El Mar Negro, el Pontos Euxinos |
Todos los que han estudiado un poquito de griego clásico
han tenido que traducir ese párrafo y, lo que es peor, interpretarlo. Porque
claro, para los chavales de bachillerato, diccionario en mano, averiguar que Thalassa significa mar es fácil. Pero comprender todo lo que se resume en el grito de
los soldados de Jenofonte al ver el mar, no está al alcance más que de unos
pocos. Y menos aún la concepción de que aquella última etapa de la Anábasis es,
metafóricamente, el final del viaje interior, que es lo que significa la
palabreja.
Con semejante pasado parecería que Ordu pudiera ofrecer
algo de interés, pero no es así. Restaurantes poco o nada adaptados a turistas,
ofrecen los clásicos entrantes a base de karisik
meze y haydari y poco más. En una parada "técnica" del
largo camino, la única visita posible era la del mercado para estirar las piernas. ¡Ah, pero los mercados son
ocasiones perfectas para conocer el país! Allí que vamos.

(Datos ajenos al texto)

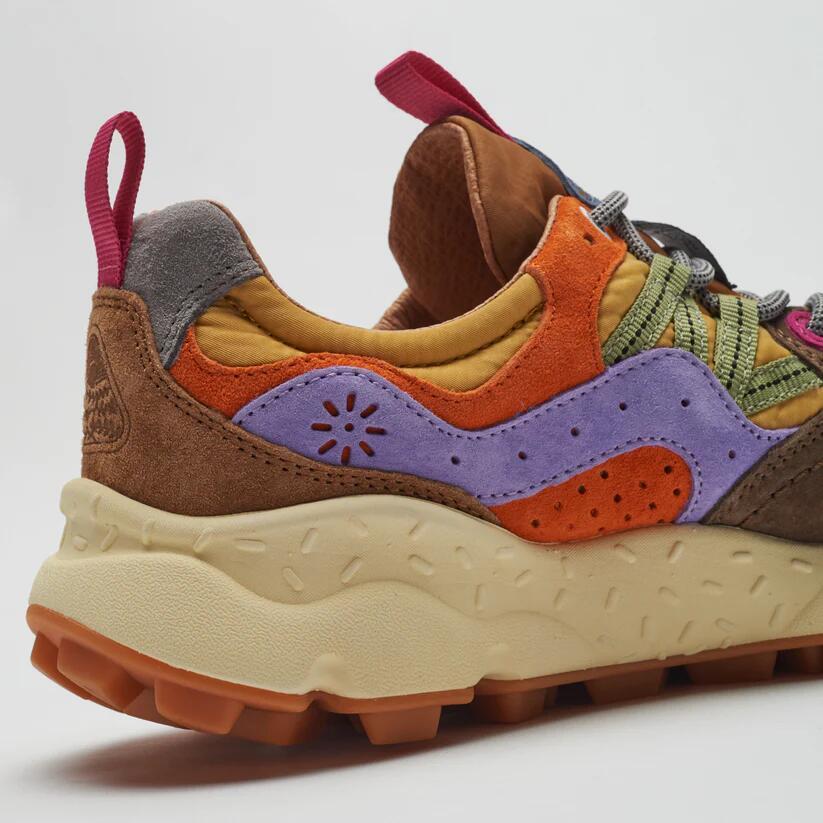 FlowerMOUNTAIN 2025SS新色 YAMANO3 ヤマノ3 イエロー/マルチ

El mercado de Ordu es un edificio sin ningún atractivo, blancuzco
y ramplón. Los puestos de alimentación quedan detrás de los de artesanía. Y en estos, los
comerciantes son más incisivos que en otros sitios y ofrecen puñales con mango
de presunto cuerno de cabra, figuritas de madera labrada o ajedreces formados
por ejércitos variopintos. No hay nada atractivo en esa zona. Mucho más interesante
era la dedicada a las hortalizas, la fruta y los pescados. Puestos exuberantes
de cebollas, rábanos –espectaculares-, tomates, pepinos, pimientos, calabacines,
lechugas, melocotones, ciruelas, cerezas, nueces, pistachos y avellanas te reciben
acogedores. Los colores y las formas a veces son poco agraciados. Pero los
olores y los sabores son excelentes, como puede comprobarse en los restaurantes. Y el conjunto es muy pinturero.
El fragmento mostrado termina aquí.